A Computer Engineer, Kartik, 31, says he did Engineering (graduated in 2007) only because of societal pressure. “I also did a SAP (systems, applications and products) course and worked as a SAP business consultant for a year-and-a-half but wanted to break free,” says the nature lover, who has been frequenting Odisha since childhood. It was only in 2010 during the first India Surf Festival at Chandrabhaga in Konark when he met Sanjay that he got hooked to Rangers. “I work as a contact person here to communicate with visitors and help them live here amidst nature’s bounty. I ensure that their stay here is comfortable. The foundation is located amidst nature and we have a narrow pathway leading to the beach, with lush greenery all around.”

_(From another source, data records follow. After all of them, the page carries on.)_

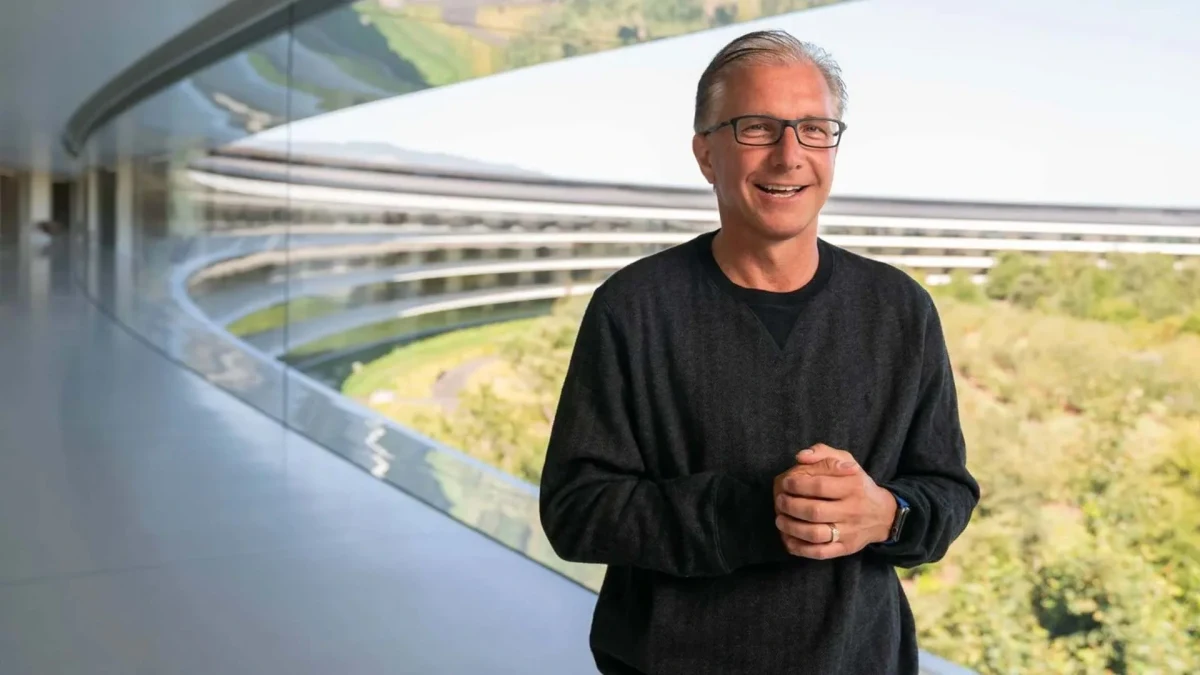Apple yöneticisi Greg Joswiak, modern bir binanın camlı koridorunda poz veriyor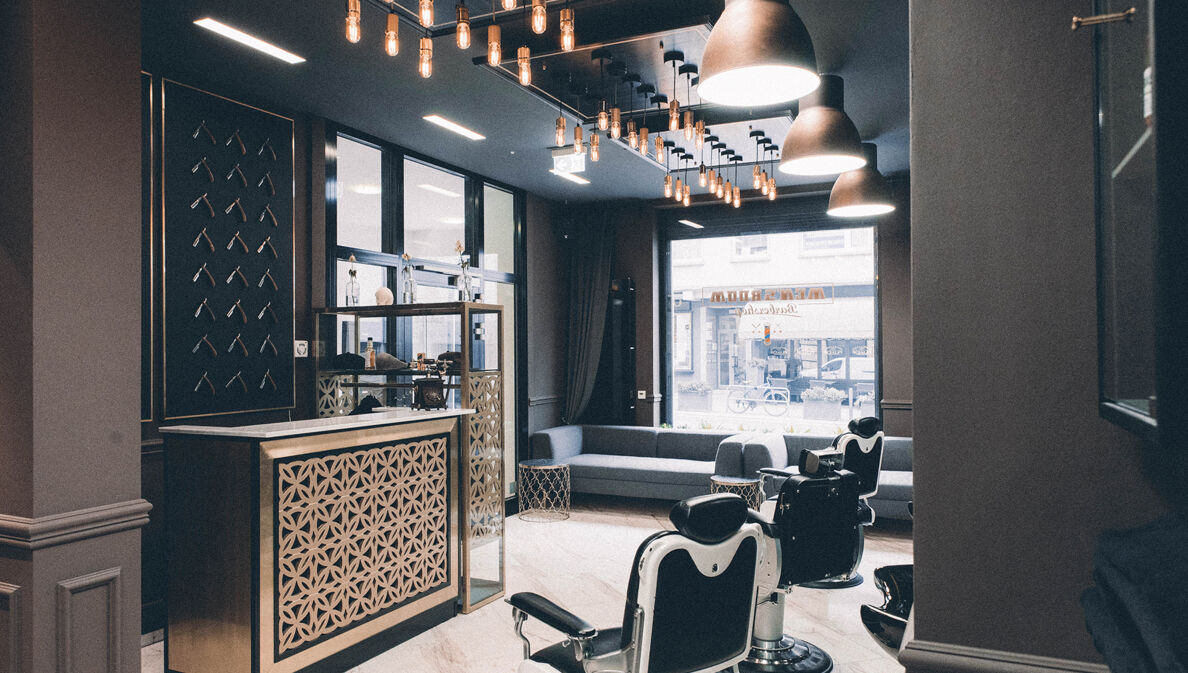 Das Interieur eines modernen Barbershops mit einem Messing verkleideten Tresen, Friseurstühlen aus Leder und einem dunkel gehaltenen cleanen Ambiente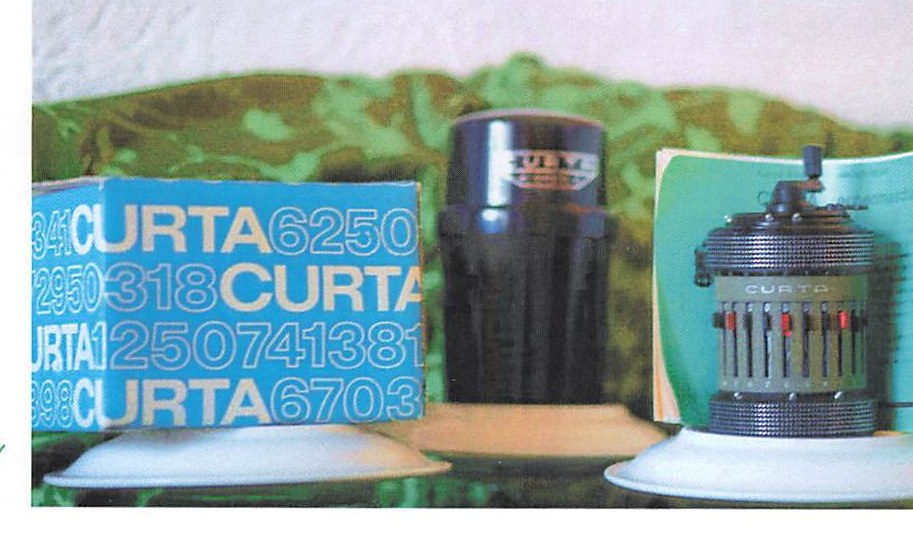 A CURTA mechanical calculator displayed beside its boxed instruction manual.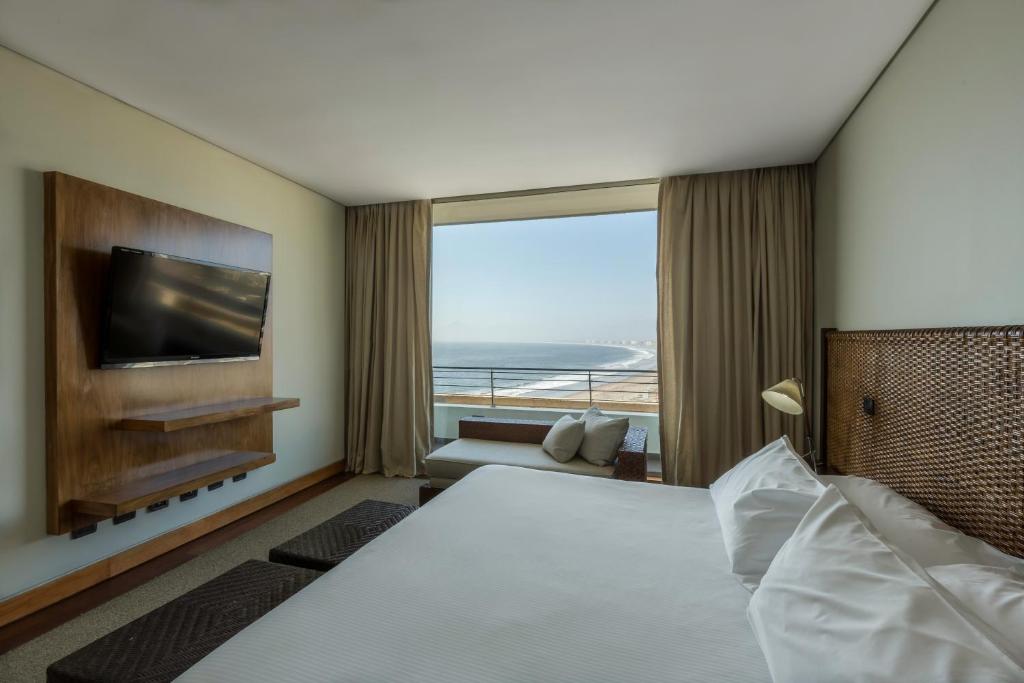 a hotel room with a bed and a television at Enjoy Coquimbo in Coquimbo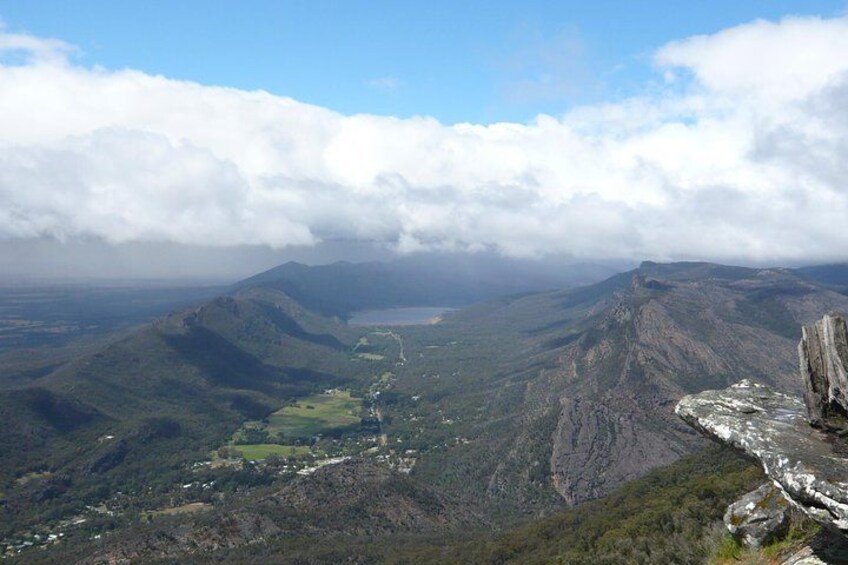 A mountainous landscape with a valley, a river, and a forested area. 1
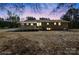 Backyard view of the house at dusk featuring a wheelchair ramp and access to outdoors at 174 Maske Rd, Mount Gilead, NC 27306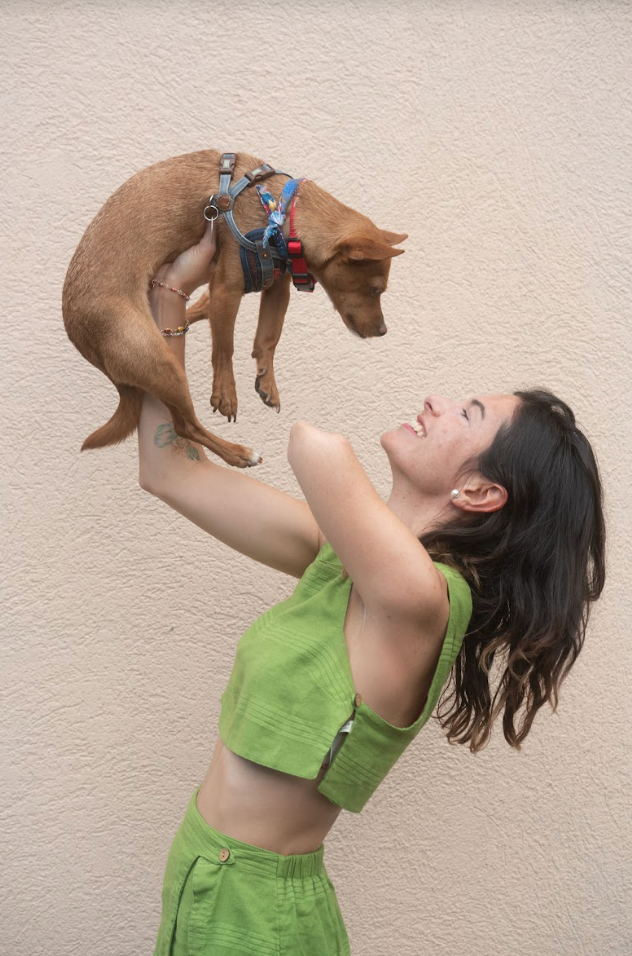 "Precariously (but safely) lifting my trusting Dingo dog up in the air with one hand," the author writes.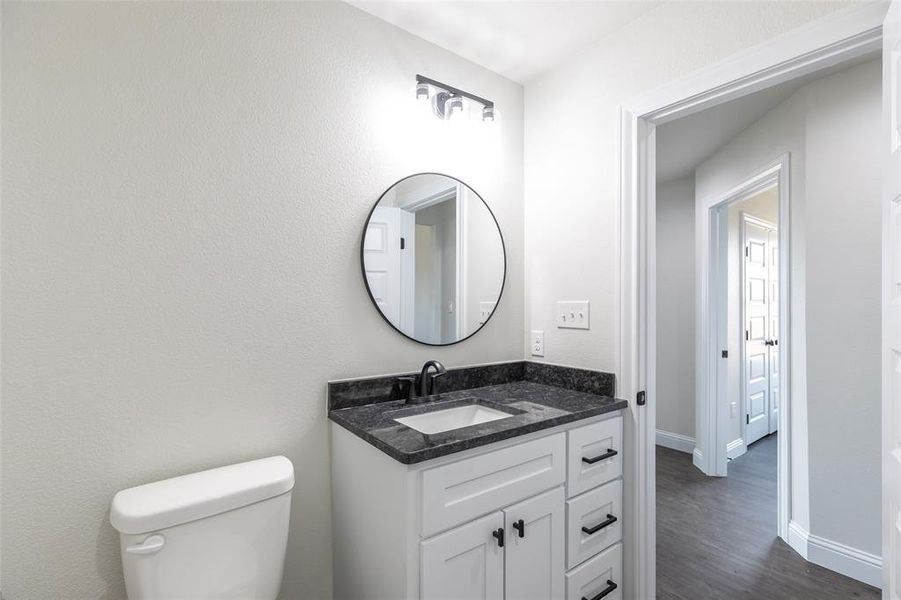 Bathroom featuring a white vanity with dark hardware, a dark speckled countertop, a rectangular undermount sink, a circular mirror, and dark wall-mounted lighting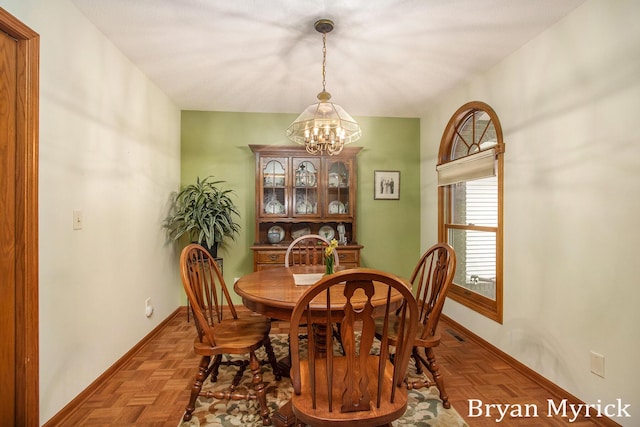 607 Crestview St, Holland, MI 49423 - dining space with a chandelier and baseboards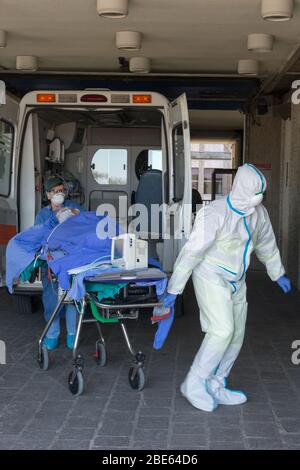 Campobasso,Molise Region,Italy:A patient, suspected covid 19, is rushed to the emergency room of the Cardarelli hospital in Campobasso. Stock Photo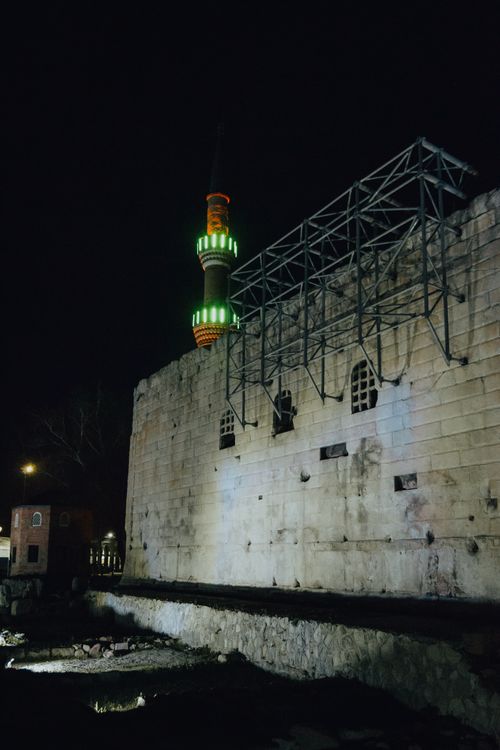 Free A mosque's glowing minaret casts colorful reflections on a historic wall at night. Stock Photo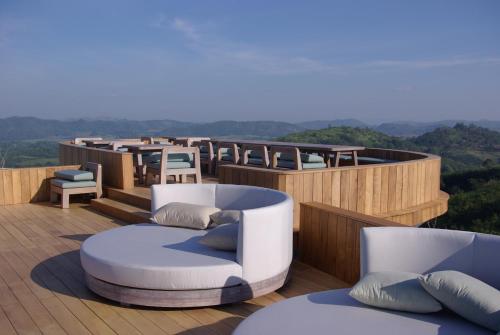 a deck with two couches and a table and chairs at Sala Khaoyai in Wangkata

Rangers is considered a paradise for nature lovers. One has to pay around `1,500 to `2,000 for camping on the beach or base and the cost includes food, accommodation, a bonfire and so on. Kartik is also associated with Sanjay in many awareness drives on sea cleaning, tree plantation and the ‘save dolphins’ in Chilika movement. But Kartik does not work for remuneration. “I try to get some business for Rangers and get paid an amount that is enough for sustenance. Money has never been an issue; it’s the love of what I want to do and where I want to belong to that matters,” he reasons.
Kartik is leaving on a week’s tour to Nepal this month and says he manages all his costs from whatever he earns. “I love books and travelling and spend all my money on these. Rest of it comes naturally, maybe by God’s grace,” says Kartik, who has bigger plans in mind for Odisha. “I want to start a school for primary education here, combining the vision of the Green School in Bali and the Krishnamurti Foundation Schools. There will be no classroom, no teacher and the assessment will be done differently from that of regular schools. Children will grow up in their own way without any pressure,” he says envisioning it.
“But I have not yet got a property for the school. A lot of work still needs to be done and it’s a long journey ahead,” he adds. Kartik, who feels just promoting IITs and IIMs in the country is not important, nurturing primary school students is, expects help from like-minded people to join hands with him on his venture.